As dúvidas permaneceram quanto à operação
Segundo contou Matos Coelho, já no 16 de Março, “Armando Ramos dizia-nos que já havia outras unidades na rua e repetia que “estávamos atrasados””. Neste contexto, contou o general, “cerca da meia-noite, desencadeia-se a neutralização do comandante e do segundo-comandante”. Mas as dúvidas mantiveram-se, mesmo quando a coluna avançou rumo à capital. Matos Coelho afirmou que nas acções de sublevação “não existiu um comandante da revolta, tendo-se evidenciado o espírito de corpo, com base no bem treinado plano de defesa do aquartelamento e na organização da Companhia de Caçadores”.
Quem partiu não sabia que afinal estavam a ser feitas chamadas pelo comandante, supostamente neutralizado (mas com acesso ao telefone) e que informou da partida da coluna para Lisboa dizendo “que tinha levado grande parte dos oficiais para repor os generais e derrubar o Governo”, contou o orador.
Pelas 07h15, junto ao rio Trancão, Casanova Ferreira e Manuel Monge, vindos de Lisboa, “informaram que a coluna tinha de regressar a Caldas da Rainha, pois era a única que tinha saído, e que estava um dispositivo militar preparado, à entrada da cidade, para a defrontar”.
Cerca das 10h30, a coluna voltou ao quartel nas Caldas da Rainha. Já ali se encontravam os majores Casanova e Monge que, juntamente com o capitão Piedade Faria, comandante da Companhia de Caçadores, “negociaram a rendição e acabaram por ser presos connosco”, revelou o general, também um dos oficiais presos.
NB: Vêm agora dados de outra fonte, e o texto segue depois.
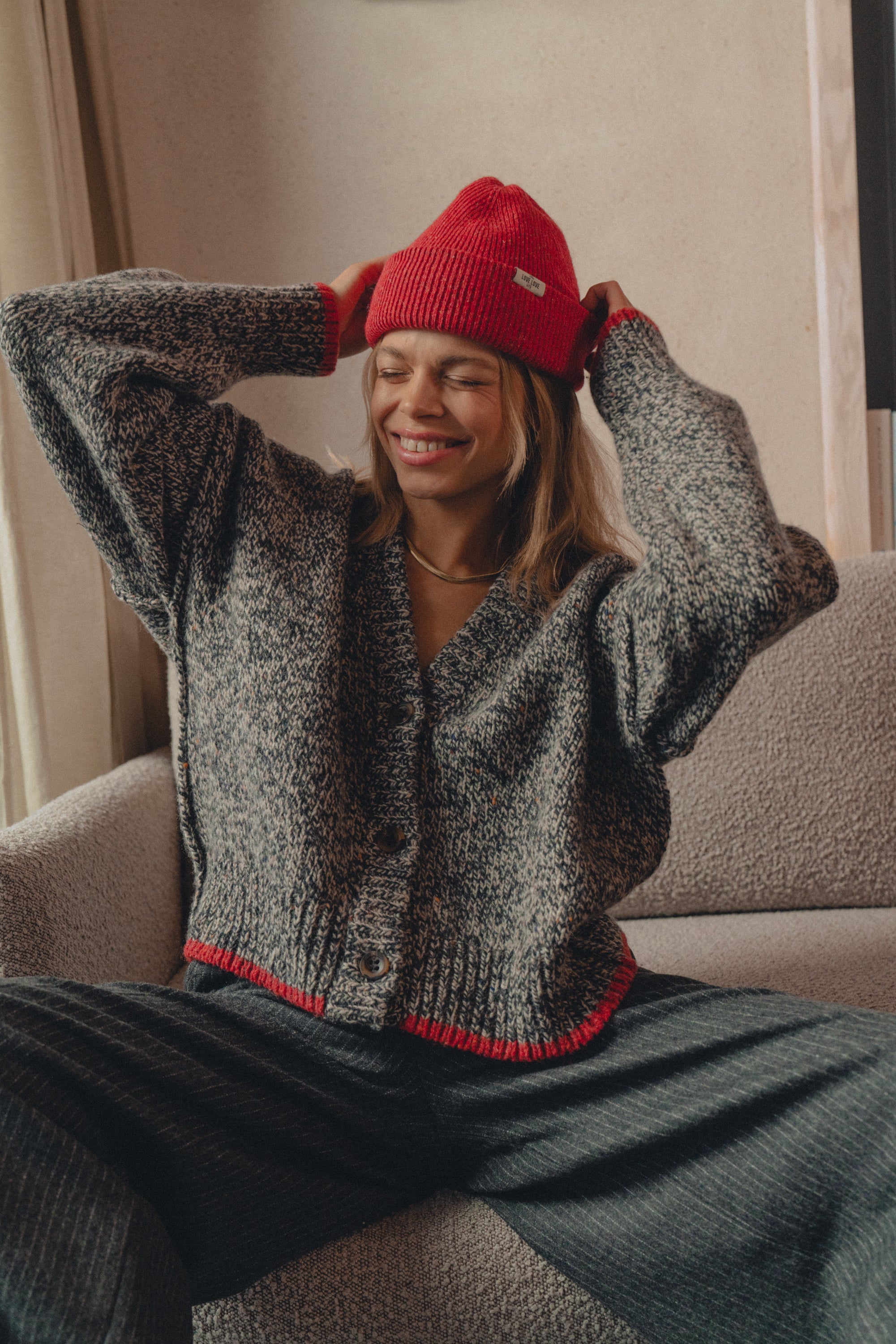 Sweter Como BL/Ecru Melange + Red - 1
Afinal uma conclusão positiva no que podia ter sido um prenúncio de uma derrota
Concluindo, Matos Coelho afirmou que o 16 de Março, pela forma “como foi preparado em casa do major Monge, dificilmente poderia ter um resultado diferente”. Sobre o envolvimento do Regimento das Caldas, “este resultou da vontade colectiva de participar numa operação do Movimento dos Capitães, que julgávamos ter sido decidida pela Comissão Coordenadora”.
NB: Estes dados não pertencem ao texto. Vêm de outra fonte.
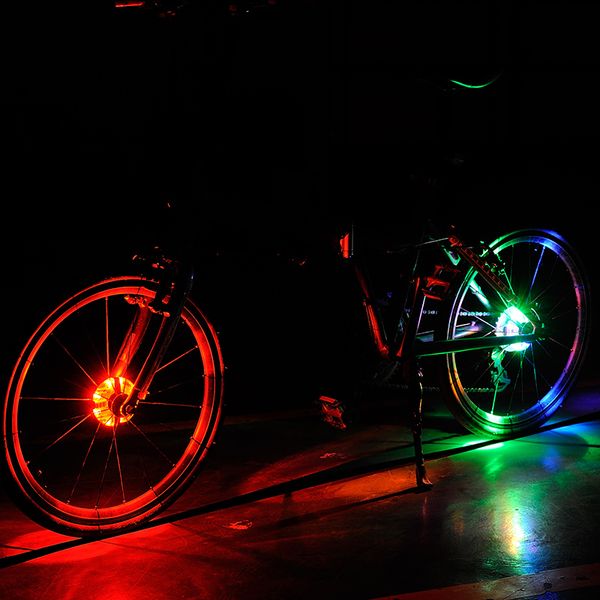 

bicycle hub light bike wheel spokes light bike fronail hub led spoke warning lamp night riding accessories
Apesar do insucesso do 16 de Março e “do perigo que ele poderia ter representado para o “Movimento”, este acontecimento, na opinião de Matos Coelho, foi importante, pois “pôs em evidência a fragilidade do regime e permitiu ver como o governo organizou a reacção a um movimento militar, tendo dado inspiração para a elaboração do novo plano e operações”, rematou.
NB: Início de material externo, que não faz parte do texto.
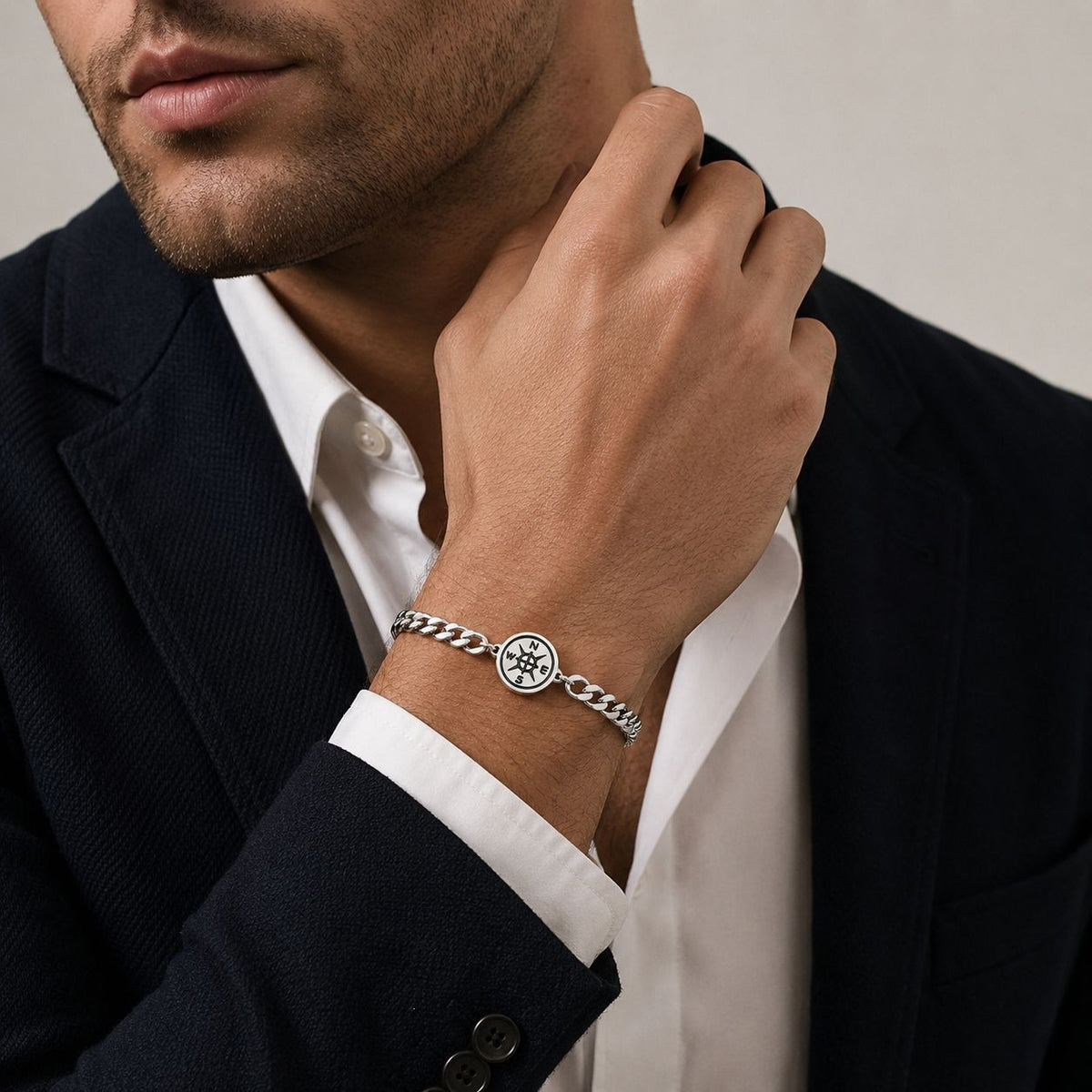 Cuban Chain Compass Gold-Plated Stainless Steel Bracelet for Men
O presidente da Câmara, Tinta Ferreira, que encerrou a sessão sublinhou a importância do 16 de Março como momento impulsionador da Revolução de Abril tendo ainda acrescentado que um dia haverá uma versão oficial dos acontecimentos do 16 de Março e que esta irá sublinhar o facto de “um grupo de militares corajosos ter partido das Caldas, rumo a Lisboa, e que tomou a iniciativa de mudar as coisas para melhor”.